Key point: The more verbs used, the higher the chance for confusion, the higher the chance your prose is too slow.

Grueling, even.

Adverbs, strings of adjectives in succession, too many verbs all have the same problem. They slow down the prose and worse, they dilute the prose. I call an addiction to modifiers “parts-of-speech abuse.” The more words and commas in your sentence, the more bumps and snags you inflict upon your reader as you drag him along.

There’s a place for complicated style. It’s usually in academic books nobody but academics read. They read them to feel smarter, the same purpose the author had when he wrote the books, both reader and author having a masochistic and self-important approach to literature.

The rest of us like our journeys smooth and painless. I didn’t say simple. I said smooth and painless. Real style isn’t how many words one can cram into a sentence. Real style is how much meaning one can cram into a few words.

So take a look at your prose and count the number of times you use a compound verb, especially compound verbs beginning with had or was. See if you can get around them.

In addition to the pace of your prose, notice also the rhythm and whether it is balanced. The word “had,” for example, is short but dramatic like a cymbal smash in your prose rhythm. It slows down the beat some, and is sometimes a very necessary element if you’re rhythm conscious. In scatting, the sound would be something like had, hadda da, hadda da, badoom badoom badoom. In some instances, the h and a are dropped and it’s more of an “ud” sound, depending on what precedes it. Trim your rhythm accordingly.

Another problem area is the lesser-used future perfect progressive (perfect tenses in general are cumbersome), which almost nobody uses in regular speech. In various forms, it usually comes out something like “will have been traveling.” That’s four verbs to consider in one short phrase. It’s worse if made into a complicated conditional: “If I had been running at the usual time, I would have been being eaten by a mountain lion right now.”
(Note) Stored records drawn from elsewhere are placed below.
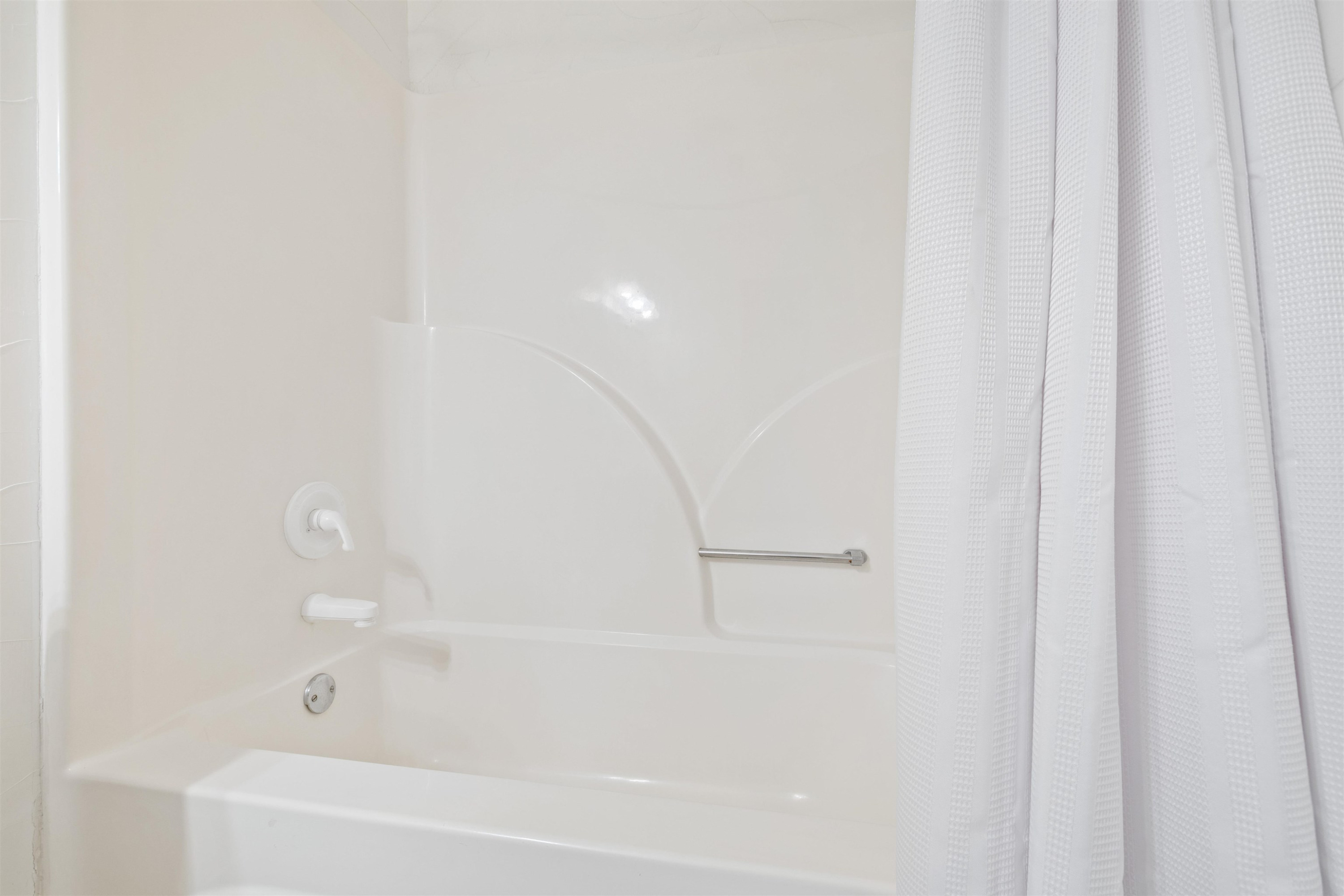 12301 Six Forks Road Raleigh, NC 27614 - Photo 33 of 74 Photo 33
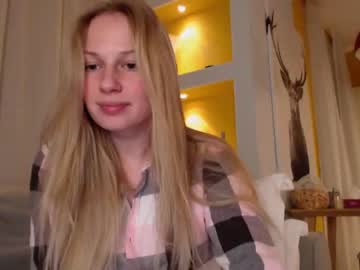 girl magic_couple13 image #3186985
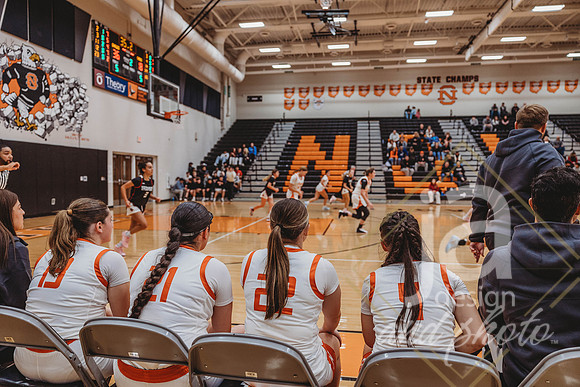NOHSBasketball_vsBrookside@jadesignandphotollc221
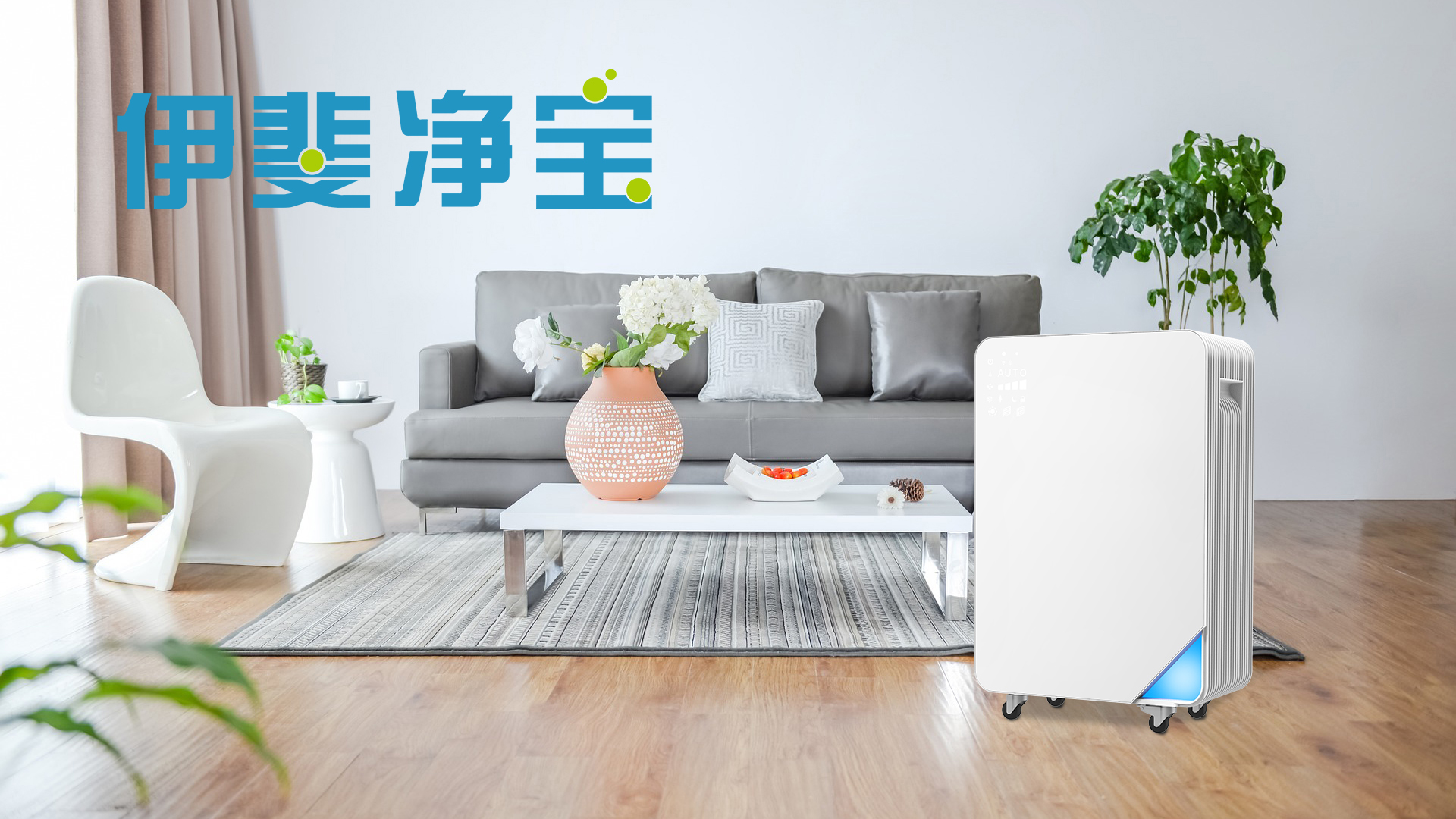 长期吸二手烟会引起什么疾病,吸入二手烟会引起哪些疾病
Yick. The grammar is correct, but the sentence is awkward, unpleasant, and unduly complicated, cramming all that time-conscious perfect tense conditional stuff into one long string of confusion. It also creates a weird paradox whereby the sentence is too slow and stumbling (especially for a sentence about running), but it also conveys information too fast to create a nice suspenseful presentation of the action. This denies the full tension and release present within the narrative. “I was ten minutes late, literally running late for my morning jog. Just under the rock eave, a mountain lion’s face fur grew red with the hot blood of a more punctual jogger. Good thing my mother had called.”

Okay, so I’ve embellished that a bit with style and narrative, but my point is clear right? Past perfect tense is slipped in there at the end, when it is needed to indicate the timing of the call, but does not slow down the prose until it is time to slow down and reflect. Some confuse passive voice with past progressive. In this case, “was running,” which isn’t even fully presented, is past progressive showing action while describing idiomatically what was going on. The language serves a dual purpose. This is different, obviously, from “my shoes were pulled on” in contrast with “I pulled on my shoes.”

So go forth, fellow writers, and trim back the hads and the other helping and linking and being verbs. Rearrange those passive voice sentences unless they’re absolutely necessary for some weird artistic reason you’re insisting upon. Keep your prose active, swift, and rhythmically beautiful.